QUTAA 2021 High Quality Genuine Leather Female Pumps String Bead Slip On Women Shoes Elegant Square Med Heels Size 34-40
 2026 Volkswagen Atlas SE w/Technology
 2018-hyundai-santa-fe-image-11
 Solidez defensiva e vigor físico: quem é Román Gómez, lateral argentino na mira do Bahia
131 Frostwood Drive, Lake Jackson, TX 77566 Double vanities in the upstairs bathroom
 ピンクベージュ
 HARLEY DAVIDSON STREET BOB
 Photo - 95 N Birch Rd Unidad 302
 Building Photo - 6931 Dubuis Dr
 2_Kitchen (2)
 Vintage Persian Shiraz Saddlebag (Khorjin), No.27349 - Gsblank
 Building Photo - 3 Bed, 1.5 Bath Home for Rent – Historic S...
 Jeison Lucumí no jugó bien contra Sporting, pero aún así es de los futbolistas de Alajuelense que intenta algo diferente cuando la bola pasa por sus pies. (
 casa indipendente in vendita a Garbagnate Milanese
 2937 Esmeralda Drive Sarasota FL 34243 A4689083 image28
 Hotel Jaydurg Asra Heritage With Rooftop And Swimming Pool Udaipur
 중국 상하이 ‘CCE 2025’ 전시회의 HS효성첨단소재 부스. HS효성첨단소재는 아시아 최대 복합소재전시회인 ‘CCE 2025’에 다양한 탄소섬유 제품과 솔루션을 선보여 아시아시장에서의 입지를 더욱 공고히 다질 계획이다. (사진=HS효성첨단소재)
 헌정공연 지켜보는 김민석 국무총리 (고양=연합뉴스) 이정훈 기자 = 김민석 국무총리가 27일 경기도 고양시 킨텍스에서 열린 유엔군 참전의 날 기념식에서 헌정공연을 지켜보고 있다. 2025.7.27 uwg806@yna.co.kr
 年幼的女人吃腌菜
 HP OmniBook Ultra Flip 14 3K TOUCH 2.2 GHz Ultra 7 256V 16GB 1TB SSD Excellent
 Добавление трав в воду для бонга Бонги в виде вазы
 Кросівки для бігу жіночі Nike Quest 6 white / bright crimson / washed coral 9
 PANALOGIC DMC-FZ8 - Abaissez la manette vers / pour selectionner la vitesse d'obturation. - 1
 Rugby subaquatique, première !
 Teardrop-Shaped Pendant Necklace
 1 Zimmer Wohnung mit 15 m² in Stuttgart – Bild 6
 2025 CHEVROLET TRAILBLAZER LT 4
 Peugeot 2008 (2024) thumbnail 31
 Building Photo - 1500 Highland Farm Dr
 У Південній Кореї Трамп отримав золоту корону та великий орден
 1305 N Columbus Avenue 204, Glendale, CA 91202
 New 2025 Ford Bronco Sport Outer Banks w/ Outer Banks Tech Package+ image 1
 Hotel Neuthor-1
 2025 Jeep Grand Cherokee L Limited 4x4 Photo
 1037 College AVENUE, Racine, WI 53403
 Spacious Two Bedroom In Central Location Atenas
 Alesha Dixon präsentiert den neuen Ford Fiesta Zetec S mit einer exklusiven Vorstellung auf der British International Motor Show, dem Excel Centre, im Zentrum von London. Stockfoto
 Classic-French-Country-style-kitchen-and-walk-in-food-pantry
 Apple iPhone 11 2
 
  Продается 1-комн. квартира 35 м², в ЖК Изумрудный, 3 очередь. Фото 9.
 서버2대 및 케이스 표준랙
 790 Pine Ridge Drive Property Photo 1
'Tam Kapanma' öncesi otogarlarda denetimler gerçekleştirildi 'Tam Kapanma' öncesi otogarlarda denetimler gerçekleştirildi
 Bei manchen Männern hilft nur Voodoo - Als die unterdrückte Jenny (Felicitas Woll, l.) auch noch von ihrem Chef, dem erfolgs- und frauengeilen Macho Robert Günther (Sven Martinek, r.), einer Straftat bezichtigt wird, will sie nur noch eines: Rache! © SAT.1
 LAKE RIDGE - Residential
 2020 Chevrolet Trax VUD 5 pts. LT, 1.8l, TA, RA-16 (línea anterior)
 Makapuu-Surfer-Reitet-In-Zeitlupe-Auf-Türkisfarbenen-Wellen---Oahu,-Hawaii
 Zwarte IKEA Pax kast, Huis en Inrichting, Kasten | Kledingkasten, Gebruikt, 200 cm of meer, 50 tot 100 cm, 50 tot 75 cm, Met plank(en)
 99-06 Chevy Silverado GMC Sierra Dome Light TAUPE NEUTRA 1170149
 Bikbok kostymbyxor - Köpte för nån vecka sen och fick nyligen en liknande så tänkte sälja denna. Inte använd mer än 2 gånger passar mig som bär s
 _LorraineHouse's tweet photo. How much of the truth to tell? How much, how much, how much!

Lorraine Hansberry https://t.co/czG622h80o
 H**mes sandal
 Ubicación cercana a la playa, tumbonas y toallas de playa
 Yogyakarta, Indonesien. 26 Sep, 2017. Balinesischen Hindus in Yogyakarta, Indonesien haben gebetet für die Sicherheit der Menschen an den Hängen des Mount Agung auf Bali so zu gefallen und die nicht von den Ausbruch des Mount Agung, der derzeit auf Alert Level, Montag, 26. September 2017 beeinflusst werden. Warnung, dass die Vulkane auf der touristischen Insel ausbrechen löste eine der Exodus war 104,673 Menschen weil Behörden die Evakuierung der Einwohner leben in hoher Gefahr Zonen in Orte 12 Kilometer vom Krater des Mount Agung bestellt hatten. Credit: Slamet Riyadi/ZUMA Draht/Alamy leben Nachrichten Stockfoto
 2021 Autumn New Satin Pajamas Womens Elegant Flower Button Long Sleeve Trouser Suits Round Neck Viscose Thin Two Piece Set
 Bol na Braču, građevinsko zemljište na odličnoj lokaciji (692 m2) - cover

★ ★ ★ ★

**What you need to do:**
Among the lines of the records, copy out each one that contains the word "Elegant".

**Exercise answer:**
QUTAA 2021 High Quality Genuine Leather Female Pumps String Bead Slip On Women Shoes Elegant Square Med Heels Size 34-40
 2021 Autumn New Satin Pajamas Womens Elegant Flower Button Long Sleeve Trouser Suits Round Neck Viscose Thin Two Piece Set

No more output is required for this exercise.